==== Information

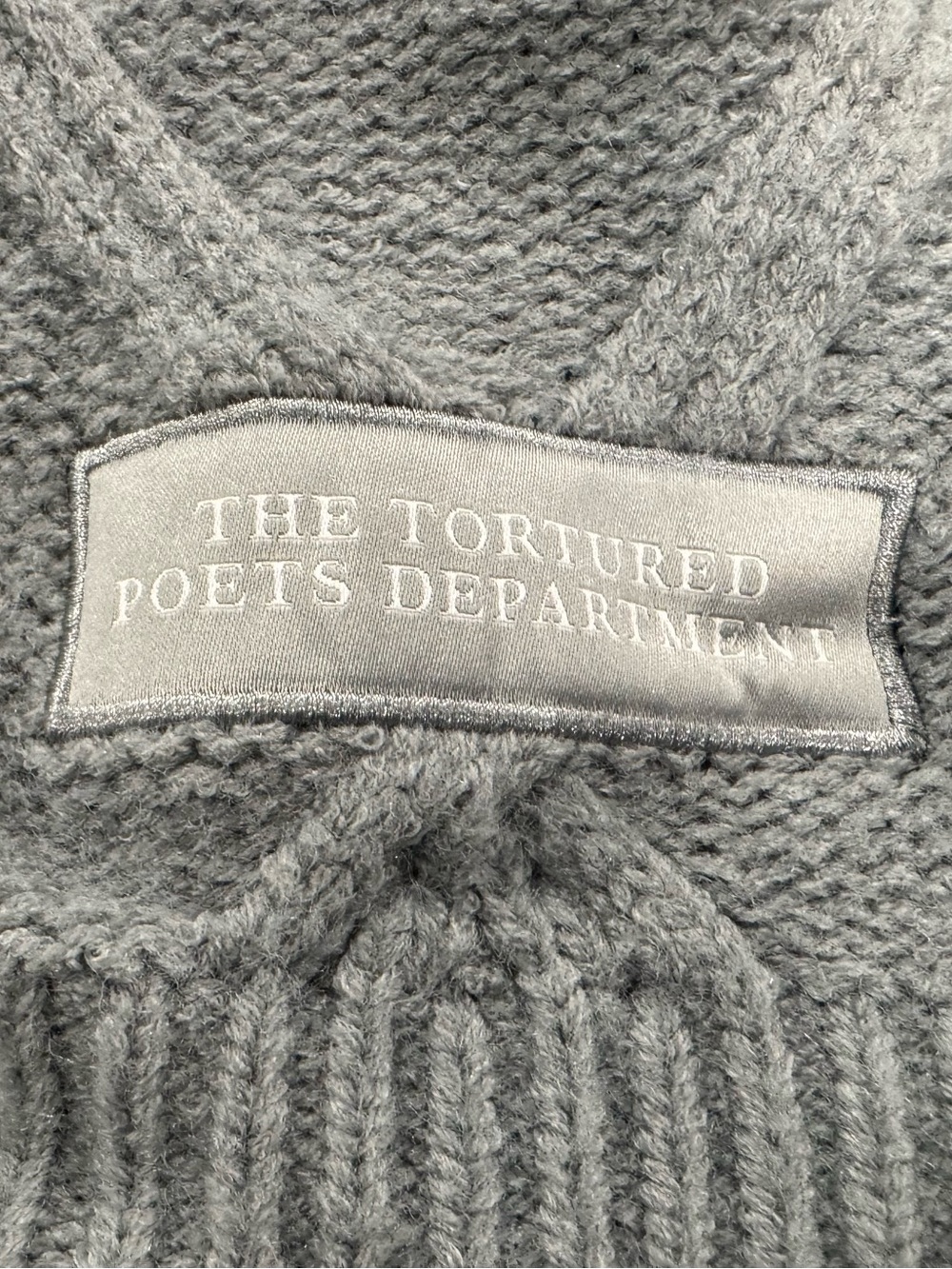 TAYLOR SWIFT [OFFICIAL] - TTPD CARDIGAN - Picture 5 of 5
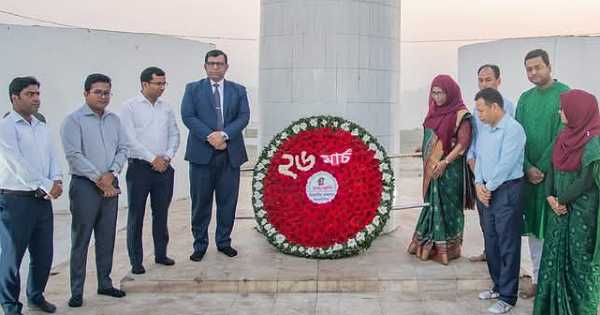 স্বাধীনতা দিবসে ময়মনসিংহে পুষ্পস্তবক অর্পণ বীর মুক্তিযোদ্ধাদের স্মৃতির প্রতি শ্রদ্ধা নিবেদন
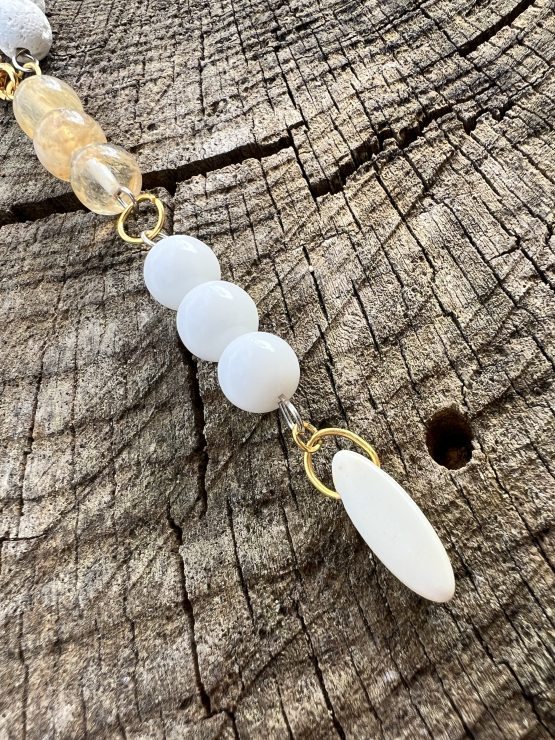 Collier lumineux blanc et doré unisexe, avec les pierres semi-précieuses, citrine, howlite, pierre de lava blanche, agate blanche suspendu sur une chaine en acier inoxydable dorée, avec les vertus lithothérapeutiques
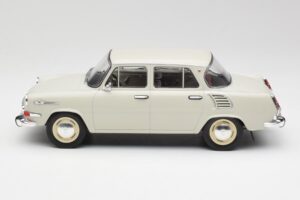 Skoda 1000 MB Grey & White MCG 1:18 MCG18275 Diecast — photo 3 of 6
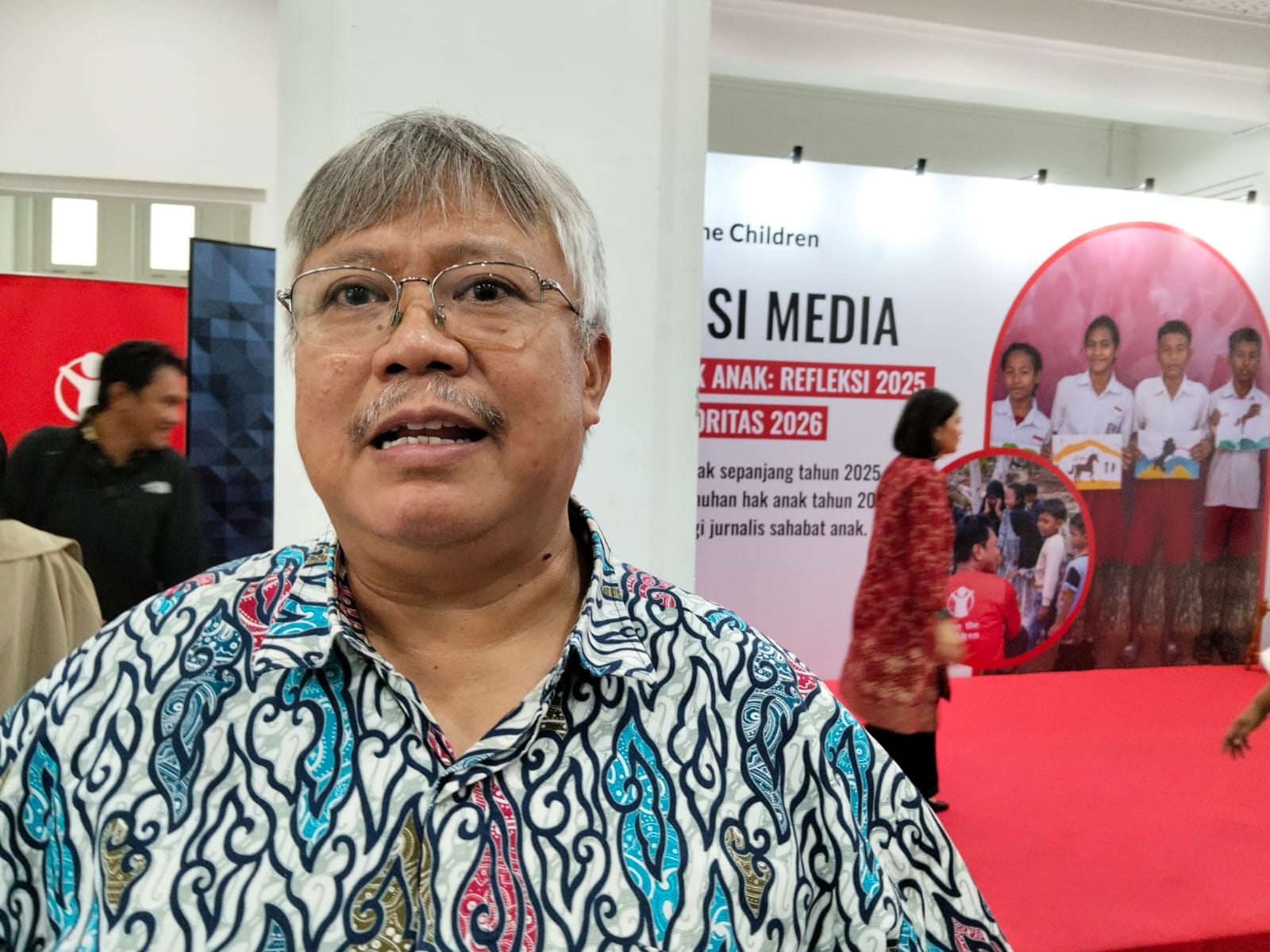 Senior Director, Advocacy, Campaign, and Government Relation Save The Children Tata Sudrajat menyampaikan penjelasan soal anak kecanduan gadget di Jakarta (14/1). (Hilmi/Jawa Pos)
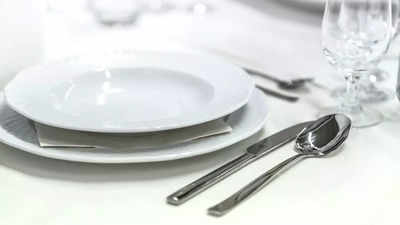 Tata CLiQ Sale Offers Upto 80% Off On Tablecloths, Dinnersets, And Other Decor Items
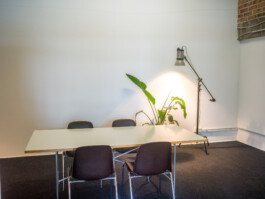 Besprechungsraum mit Besprechungstisch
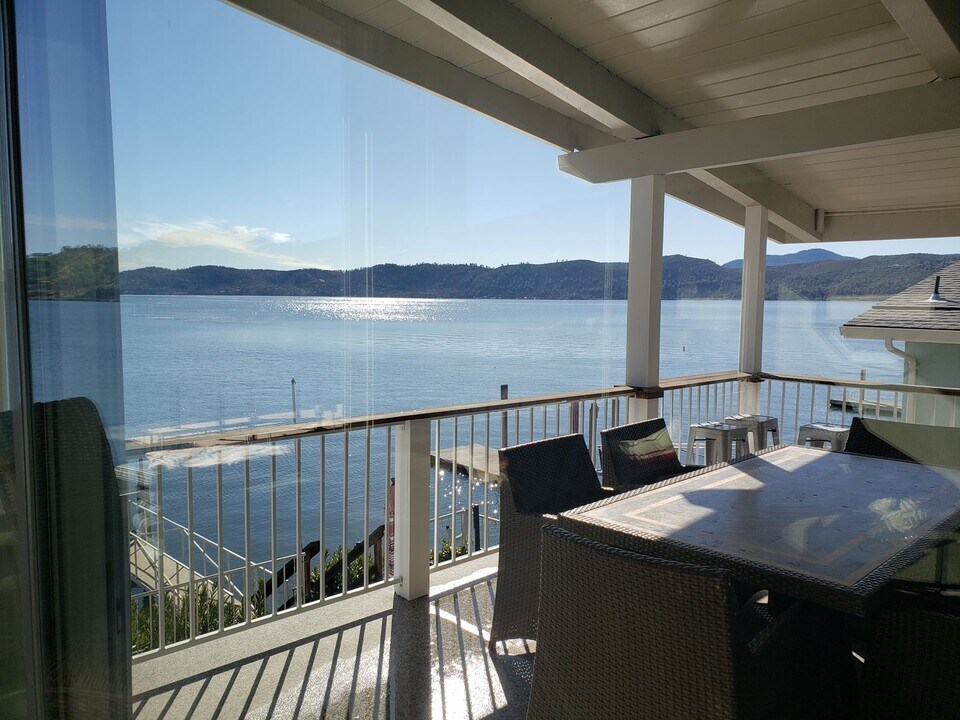 3630 Oakmont Dr in Clearlake, CA - Foto de edificio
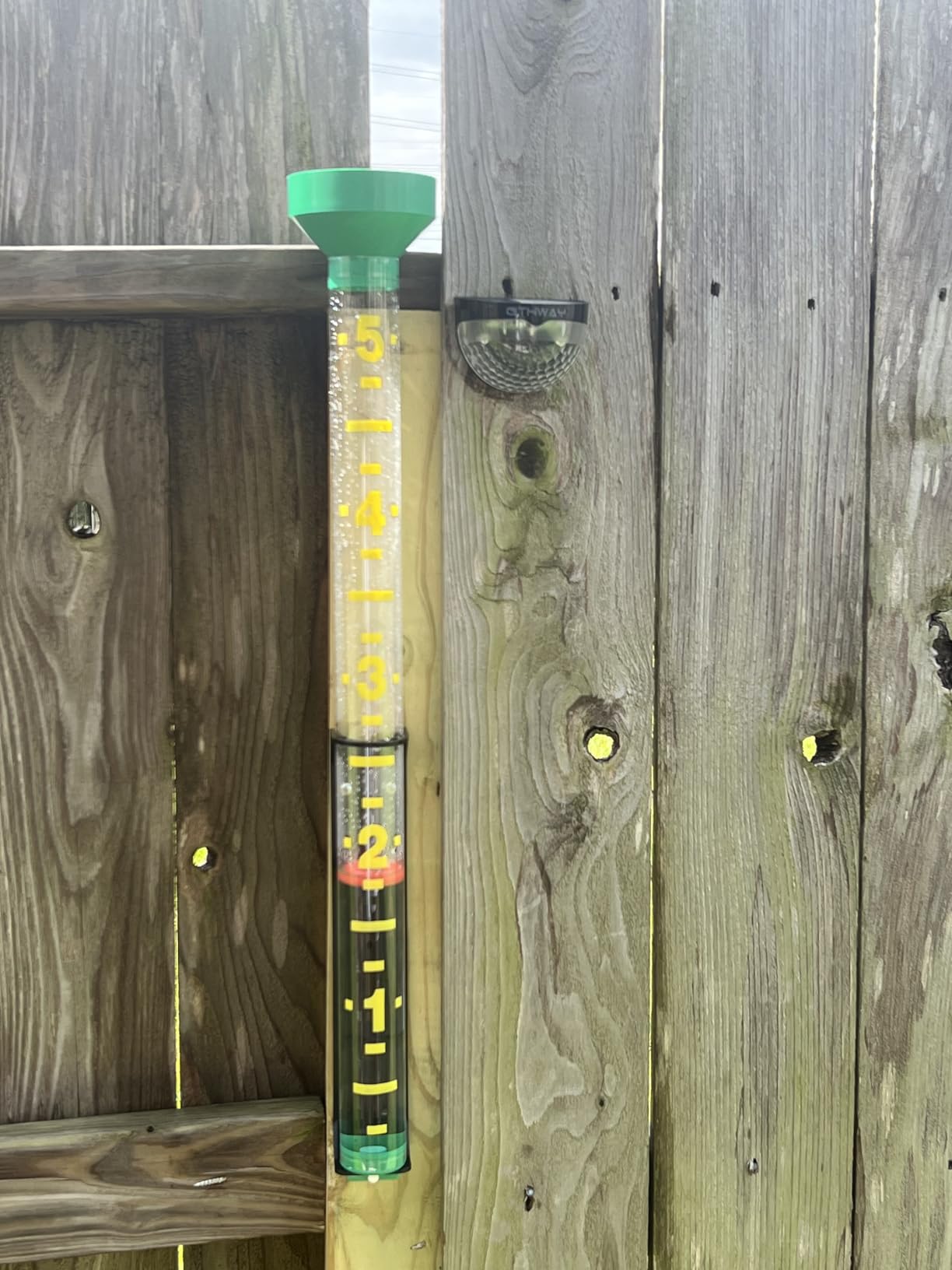 Headwind EZRead 26” Giant Professional Outdoor rain Gauge, USA Made Heavy Duty All Weather Freeze Proof mountable with Float, Hunter Green (820-0019) customer photo 2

========

Task => Above are some records; quote exactly and only the lines that begin at the line containing "Skoda 1000 MB" and stop after the line containing "Senior Director, Advocacy, Campaign, and", leaving out the pictures.

Expected output =>
 Skoda 1000 MB Grey & White MCG 1:18 MCG18275 Diecast — photo 3 of 6
 Senior Director, Advocacy, Campaign, and Government Relation Save The Children Tata Sudrajat menyampaikan penjelasan soal anak kecanduan gadget di Jakarta (14/1). (Hilmi/Jawa Pos)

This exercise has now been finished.